Material for this task |
══════════
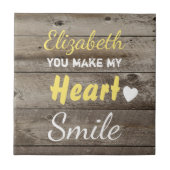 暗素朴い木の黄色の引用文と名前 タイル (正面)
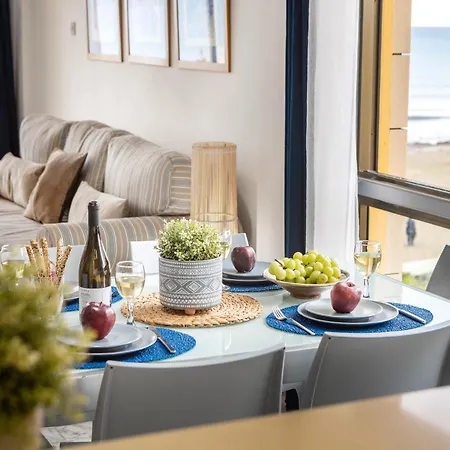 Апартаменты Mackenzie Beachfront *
══════════
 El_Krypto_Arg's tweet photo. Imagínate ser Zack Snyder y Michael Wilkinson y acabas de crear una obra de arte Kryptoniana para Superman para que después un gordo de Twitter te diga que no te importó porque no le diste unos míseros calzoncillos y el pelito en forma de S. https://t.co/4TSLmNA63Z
══════════
Required work |
Everything between and including the line above containing "暗素朴い木の黄色の引用文と名前 タイル (正面)" and the line containing "Апартаменты Mackenzie Beachfront *" should be reproduced exactly, with pictures excluded.

Answer box |
 暗素朴い木の黄色の引用文と名前 タイル (正面)
 Апартаменты Mackenzie Beachfront *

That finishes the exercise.